Note: This is a beta release of Red Hat Bugzilla 5.0. The data contained within is a snapshot of the live data so any changes you make will not be reflected in the production Bugzilla. Also email is disabled so feel free to test any aspect of the site that you want. File any problems you find or give feedback here.

Bug 1514627

Summary: Builds fail with Failed to execute iptables-restore: exit status 4 (Another app is currently holding the xtables lock
Product: OpenShift Container Platform Reporter: Steven Walter <stwalter>
Component: NetworkingAssignee: Dan Williams <dcbw>
Status: CLOSED CURRENTRELEASE QA Contact: Meng Bo <bmeng>
Severity: urgent Docs Contact:
Priority: urgent    
Version: 3.4.1CC: aos-bugs, bbennett, clichybi, dcbw, dzhukous, knakai, misalunk, stwalter, vwalek, weliang
Target Milestone: ---   
Target Release: ---   
Hardware: Unspecified   
OS: Unspecified   
Whiteboard:
Fixed In Version: Doc Type: If docs needed, set a value
Doc Text:
Story Points: ---
Clone Of: Environment:
Last Closed: 2017-12-07 14:00:39 UTC Type: Bug
Regression: --- Mount Type: ---
Documentation: --- CRM:
Verified Versions: Category: ---
oVirt Team: --- RHEL 7.3 requirements from Atomic Host:
Cloudforms Team: --- Target Upstream Version:

Description Steven Walter 2017-11-17 23:39:43 UTC
Description of problem:
Builds fail with iptables-restore unable to occur due to a hold on xtables lock

This has been a known issue in the past (see "additional info") -- however after implementing the erratas, the issue still occurs. Although to some extent it is expected for containers to be blocked for some time, it is expected for the builds to eventually finish (the iptables wait flag should allow us to wait until the lock is available, rather than exiting).

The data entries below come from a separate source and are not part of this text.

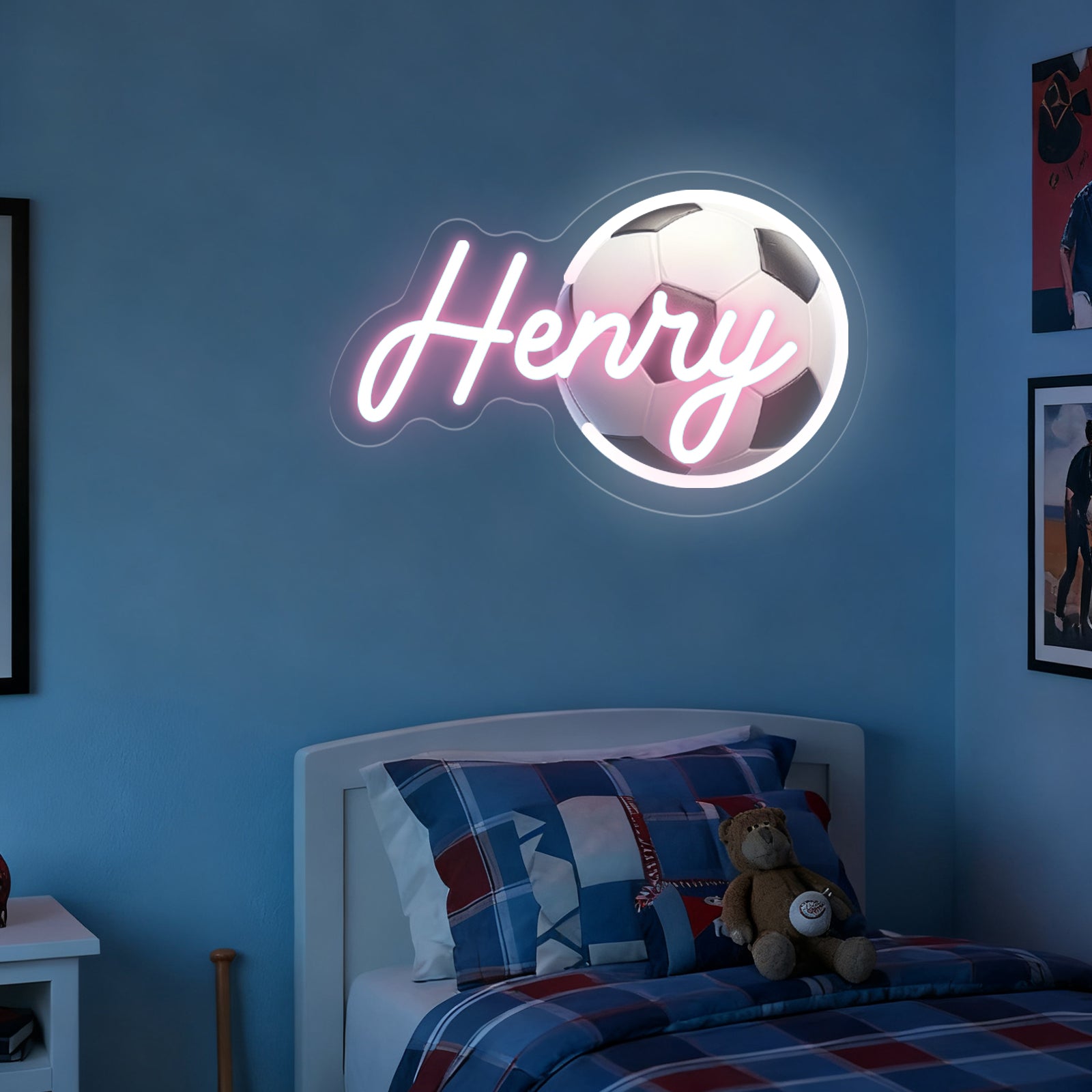 Custom Soccer Neon Sign with UV Printed Football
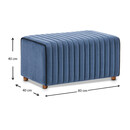 Σκαμπώ Mabel Megapap Βελούδινο Χρώμα Μπλε 80x40x40εκ.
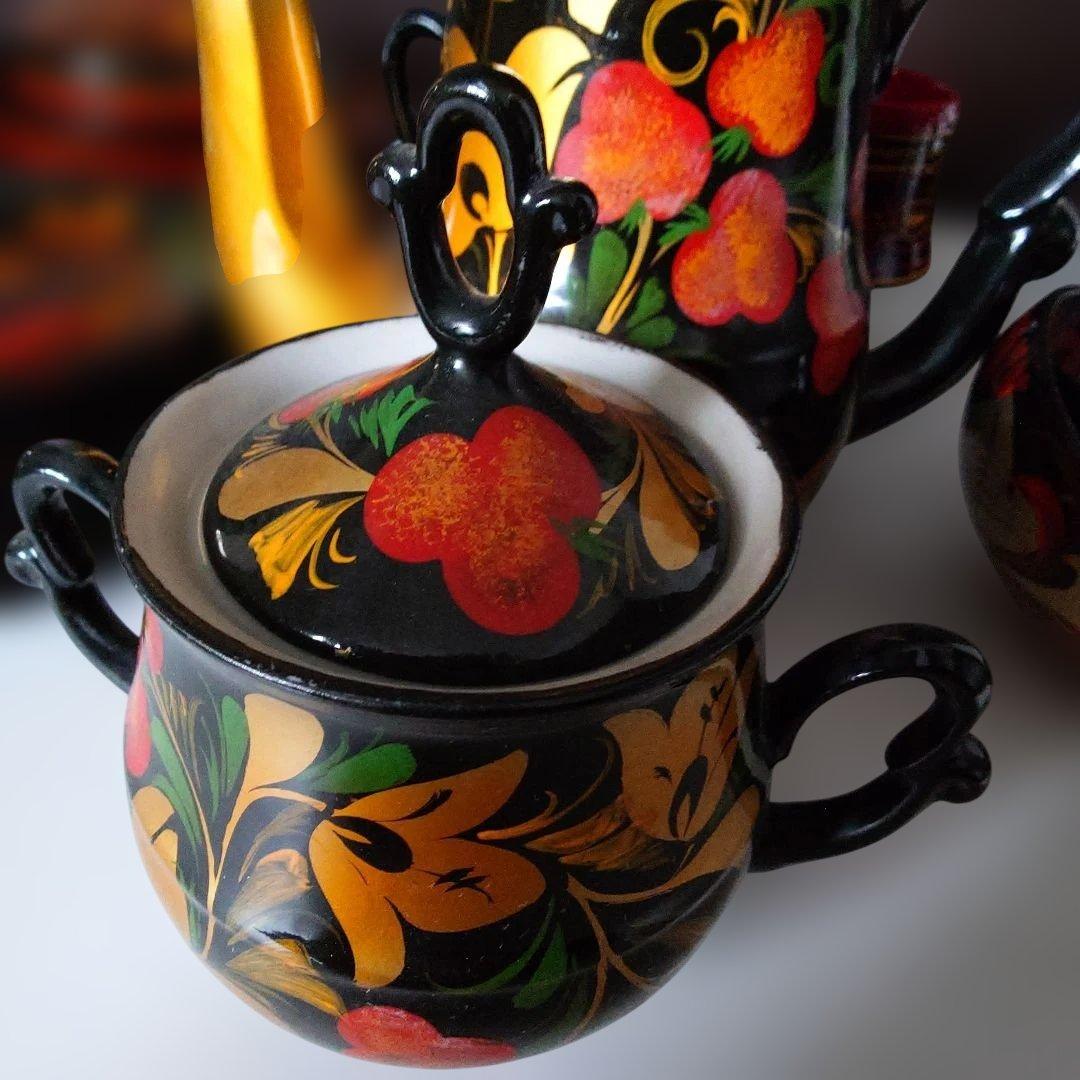 ロシア　ホフロマ塗り　花柄　豪華食器　ティーセット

Version-Release number of selected component (if applicable):
iptables-1.4.21-18.el7.x86_64
atomic-openshift-node-3.4.1.44.26-1.git.0.a62e88b.el7.x86_64
kernel-3.10.0-693.2.2.el7.x86_64
Red Hat Enterprise Linux Server release 7.4 (Maipo)

How reproducible:
Unconfirmed

Steps to Reproduce:
1. Kick off many builds

Actual results:
Nov  9 11:36:30 njrarltapp001c7 atomic-openshift-node: E1109 11:36:30.685452   25053 cni.go:273] Error deleting network: CNI request failed with status 400: 'Failed to execute iptables-restore: exit status 4 (Another app is currently holding the xtables lock. Perhaps you want to use the -w option?
Nov  9 11:36:30 njrarltapp001c7 atomic-openshift-node: E1109 11:36:30.685515   25053 docker_manager.go:1434] Failed to teardown network for pod "84aeeea2-c565-11e7-8f20-005056a97aae" using network plugins "cni": CNI request failed with status 400: 'Failed to execute iptables-restore: exit status 4 (Another app is currently holding the xtables lock. Perhaps you want to use the -w option?
Nov  9 11:36:32 njrarltapp001c7 atomic-openshift-node: E1109 11:36:32.850516   25053 kubelet.go:2092] Failed killing the pod "pcis-integration-1-hz0zp": failed to "TeardownNetwork" for "pcis-integration-1-hz0zp_cipe-c2811c-1" with TeardownNetworkError: "Failed to teardown network for pod \"84aeeea2-c565-11e7-8f20-005056a97aae\" using network plugins \"cni\": CNI request failed with status 400: 'Failed to execute iptables-restore: exit status 4 (Another app is currently holding the xtables lock. Perhaps you want to use the -w option?\n)\n'"
Nov  9 11:36:35 njrarltapp001c7 atomic-openshift-node: E1109 11:36:34.955050   25053 cni.go:273] Error deleting network: CNI request failed with status 400: 'Failed to execute iptables-restore: exit status 4 (Another app is currently holding the xtables lock. Perhaps you want to use the -w option?


Expected results:
Builds succeed

Additional info:
Customer implemented errata that fixed: https://bugzilla.redhat.com/show_bug.cgi?id=1484133
Which is related to: https://bugzilla.redhat.com/show_bug.cgi?id=1438597

Comment 2 Vladislav Walek 2017-11-27 11:54:03 UTC
Hello,

customer having the same issue. Due this error the iptables are not getting updated with the correct endpoint ip.
Therefore the service is not reachable - production down.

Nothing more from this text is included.